Fooled by randomness

03/09/2011 | By More

Acknowledging the angle offered by Nicolas Taleb, where he uses this phrase to write an entire book based on the fact the odd things happen more than they academically should, I would like to point out the same can happen in a football match.

Often I see people claiming to have found some new system for trading football. You know the sort, hold a chicken in your hand, put your head out the window and place a back bet if the team is at certain odds, subject to a, b,c and d if this, then that etc. etc.

A lot of these are just nonsense however as every market, not just football, contains a ‘harmonic’ mean of likelyhood. A level at which your actions sink to the realms of pure randomness. Some of these levels are actually quite high and can produce high strike rates, but longer term they produce no profit as they are not being made on key information or at least the proponent is unable to rationalise why it should work. In short there is no edge. Where people get fooled is that a high strike rate can be normality for some strategies and this high strike rate leads, in turn, to some lenghtly winning runs.

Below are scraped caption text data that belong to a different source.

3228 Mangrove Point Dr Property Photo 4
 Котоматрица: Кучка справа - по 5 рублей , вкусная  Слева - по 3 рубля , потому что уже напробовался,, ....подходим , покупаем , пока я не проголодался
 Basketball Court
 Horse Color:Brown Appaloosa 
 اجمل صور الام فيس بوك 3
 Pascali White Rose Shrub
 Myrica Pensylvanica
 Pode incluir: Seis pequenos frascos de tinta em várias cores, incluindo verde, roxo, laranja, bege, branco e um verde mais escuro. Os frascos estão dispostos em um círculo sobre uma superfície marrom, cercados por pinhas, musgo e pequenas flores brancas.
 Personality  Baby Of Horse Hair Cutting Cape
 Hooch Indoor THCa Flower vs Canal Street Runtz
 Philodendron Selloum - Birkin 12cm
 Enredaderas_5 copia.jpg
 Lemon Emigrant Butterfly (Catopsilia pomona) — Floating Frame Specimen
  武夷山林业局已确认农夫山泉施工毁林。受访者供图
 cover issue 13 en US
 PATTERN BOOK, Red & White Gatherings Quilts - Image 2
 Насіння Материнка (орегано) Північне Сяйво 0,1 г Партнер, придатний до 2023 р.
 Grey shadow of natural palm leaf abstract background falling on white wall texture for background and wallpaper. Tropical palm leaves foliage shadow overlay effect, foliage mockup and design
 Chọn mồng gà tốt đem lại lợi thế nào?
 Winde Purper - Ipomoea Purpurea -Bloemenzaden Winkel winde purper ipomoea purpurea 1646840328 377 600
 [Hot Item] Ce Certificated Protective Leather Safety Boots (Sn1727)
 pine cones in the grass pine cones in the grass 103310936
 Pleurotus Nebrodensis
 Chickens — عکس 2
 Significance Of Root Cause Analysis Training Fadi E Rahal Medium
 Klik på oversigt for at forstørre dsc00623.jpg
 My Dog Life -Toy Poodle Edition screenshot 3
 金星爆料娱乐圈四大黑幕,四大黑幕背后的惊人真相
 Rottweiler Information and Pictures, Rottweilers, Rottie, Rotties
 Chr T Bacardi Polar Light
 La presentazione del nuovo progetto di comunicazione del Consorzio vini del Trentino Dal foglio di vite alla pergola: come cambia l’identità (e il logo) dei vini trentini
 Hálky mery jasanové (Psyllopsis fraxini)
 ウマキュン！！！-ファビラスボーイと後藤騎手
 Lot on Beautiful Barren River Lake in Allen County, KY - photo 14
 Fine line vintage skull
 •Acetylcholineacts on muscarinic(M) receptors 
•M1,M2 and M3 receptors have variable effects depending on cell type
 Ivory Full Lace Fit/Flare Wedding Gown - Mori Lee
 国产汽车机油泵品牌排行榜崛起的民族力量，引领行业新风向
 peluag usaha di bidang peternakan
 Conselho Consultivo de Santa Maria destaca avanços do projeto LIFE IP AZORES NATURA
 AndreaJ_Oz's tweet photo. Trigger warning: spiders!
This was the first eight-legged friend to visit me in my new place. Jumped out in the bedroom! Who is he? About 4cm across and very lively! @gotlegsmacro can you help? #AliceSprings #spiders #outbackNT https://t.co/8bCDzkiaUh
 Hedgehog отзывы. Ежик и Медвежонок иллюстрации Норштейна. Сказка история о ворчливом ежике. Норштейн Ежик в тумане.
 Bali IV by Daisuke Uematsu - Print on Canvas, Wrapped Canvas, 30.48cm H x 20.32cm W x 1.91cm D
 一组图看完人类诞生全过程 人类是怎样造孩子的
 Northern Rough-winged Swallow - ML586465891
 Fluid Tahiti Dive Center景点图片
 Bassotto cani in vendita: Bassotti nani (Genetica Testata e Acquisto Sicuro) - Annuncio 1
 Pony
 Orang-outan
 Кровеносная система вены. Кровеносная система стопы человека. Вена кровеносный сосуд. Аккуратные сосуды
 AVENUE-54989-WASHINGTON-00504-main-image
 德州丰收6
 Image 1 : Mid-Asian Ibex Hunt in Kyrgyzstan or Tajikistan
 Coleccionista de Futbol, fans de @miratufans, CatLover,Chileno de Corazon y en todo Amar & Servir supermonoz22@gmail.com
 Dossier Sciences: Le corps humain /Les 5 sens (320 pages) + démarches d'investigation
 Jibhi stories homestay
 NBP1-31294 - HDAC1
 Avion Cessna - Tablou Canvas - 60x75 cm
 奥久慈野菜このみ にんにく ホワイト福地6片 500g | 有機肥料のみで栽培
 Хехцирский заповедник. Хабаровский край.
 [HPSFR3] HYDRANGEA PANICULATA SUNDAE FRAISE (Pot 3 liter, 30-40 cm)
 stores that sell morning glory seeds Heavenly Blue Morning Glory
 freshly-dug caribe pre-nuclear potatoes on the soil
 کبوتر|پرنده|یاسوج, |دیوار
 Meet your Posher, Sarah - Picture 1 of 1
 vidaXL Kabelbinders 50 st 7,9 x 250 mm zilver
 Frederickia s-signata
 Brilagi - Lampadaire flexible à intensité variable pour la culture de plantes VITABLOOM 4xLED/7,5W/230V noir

Any losing events or runs can be justified by ‘bad selections’ or just ‘bad luck’. ‘If he hadn’t hit the post’, but unfortunately he did!

Football is great for this type of thing as a number of patterns can lead to high probablilty payoff events, but not many to profit. But curiously some matches, which you can hunt for, can lead to strategies that pay off whatever happens in the match. That sounds really strange but is true. Whether you back or laid any of the match odds you could still win if you were available to trade after a goal in certain matches. This is not genuis but to be expected in these matches, it’s finding them that is the key task; not executing the trade itself.

It reminds me a great phrase I came across in the stock market.

“What’s the definition of a bull market?”…………………. Answer – “A general rise in prices that makes everyone think they are a financial genius!”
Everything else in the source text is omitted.